I lot of my ideas for conversions I stole from Dan the Deamon at Bolter and Chainsword. I really liked his idea on using DE Corsair cloaks. I also like his method of doing true scale SMs the best. I highly suggest you check out his blog. I often look through his blog for inspiration or motivation.

tl;dr I like the Alpha Legion and Dan the Deamon is awesome.

Anyway, on to the pictures!

This is Captain Alpharius who's a Champ for my count as Plague Marines squad. You can read more about my Alpha Legion PMs here.

First off here are the bitz I used to make my Champ so far. It's not that interesting, but I need to take a picture of them anyway since I'm going to be entering him in the Monthly Conversion Deathmatch. I had learned about it the day after I started to assemble him, so this pictures is of the same type of bitz, minus the bionic SM Sergent head since I'm using my only one. 










Here's my Champ so far. The orb from the Kroot sprue is supposed to represent a Blight Grenade. I really liked how his bionic leg turned out, but it's hard to see all the detail in this picture. /: I'll make sure to get a better one on my next update.



















Here's a Champ for my actual PM squad. I still have a little sculpting left to do on him. I also feel that his bolt pistol arm is a bit short.




























Here's a WIP of a standard PM. I based his head on Typhus'. Both him and the Champ aren't true-scaled, they are just a tad taller than a standard SM since I elongated their torsos. I'm not sure if it's too late to add leg spacers since they look stubby to me.










Here's a WIP shot of the guns I'm using for the PM squad. The bolter is based off the ones that Dan the Deamon made. The chainsaw part is inspired by the Umbra Ferrox pattern bolter attachments. Speaking of those, the Alpha Legionares are going to be using the Umbra Ferrox pattern bolters.










Please let me know what you think! I'm probably going to have an update for the AL Champ up tonight or tomorrow. Ill try to do better quality pictures too.
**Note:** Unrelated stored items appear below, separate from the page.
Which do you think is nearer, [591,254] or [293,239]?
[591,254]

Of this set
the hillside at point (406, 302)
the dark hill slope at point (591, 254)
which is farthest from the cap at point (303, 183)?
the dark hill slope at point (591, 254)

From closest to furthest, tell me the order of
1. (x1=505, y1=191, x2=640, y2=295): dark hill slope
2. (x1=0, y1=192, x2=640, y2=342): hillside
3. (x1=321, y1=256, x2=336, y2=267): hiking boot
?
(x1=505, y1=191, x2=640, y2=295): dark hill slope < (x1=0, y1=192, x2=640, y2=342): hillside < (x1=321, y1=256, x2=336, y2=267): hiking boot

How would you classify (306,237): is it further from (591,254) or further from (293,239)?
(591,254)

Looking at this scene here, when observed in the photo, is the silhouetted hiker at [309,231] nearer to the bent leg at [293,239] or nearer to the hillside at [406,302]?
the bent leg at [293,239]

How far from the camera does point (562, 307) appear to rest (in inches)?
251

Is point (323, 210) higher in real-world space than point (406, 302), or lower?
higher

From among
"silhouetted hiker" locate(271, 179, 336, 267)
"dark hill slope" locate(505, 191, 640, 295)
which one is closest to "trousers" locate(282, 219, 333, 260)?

I'm still getting the hang of photographing minis. Maybe I'll get a macro lens for my phone if I ever spend my extra cash on something besides more 40k stuff...
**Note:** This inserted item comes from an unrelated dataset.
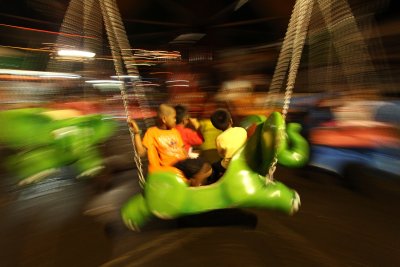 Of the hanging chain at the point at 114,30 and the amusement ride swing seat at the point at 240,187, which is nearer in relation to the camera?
the amusement ride swing seat at the point at 240,187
Also, here's a link to my armylist in case you are interested:

Thanks for reading and have a great day!


----------



## Warpath (Nov 27, 2007)

To get images to appear you'll need a hosting site like photobucket .

Getting a link and making it a word like above is done by using the [ URL= Insert link here/ ] The word you want here [ /URL ] 

The [URL/] must have no spaces aswell as the link but the text can be what ever you like, I added spaces so you could see the format you need to use.


----------



## Khorne's Fist (Jul 18, 2008)

You get more of a response if people can see your pics without having to go through links. Some nice work there. The bolter conversions look good.


----------



## Meat_Cleaver (Oct 24, 2012)

Thanks!! But how do you put the images on here? I tired both ways listed in the Technical Help fourm, but it's still links.


----------



## normtheunsavoury (Mar 20, 2008)

Meat_Cleaver said:


> Thanks!! But how do you put the images on here? I tired both ways listed in the Technical Help fourm, but it's still links.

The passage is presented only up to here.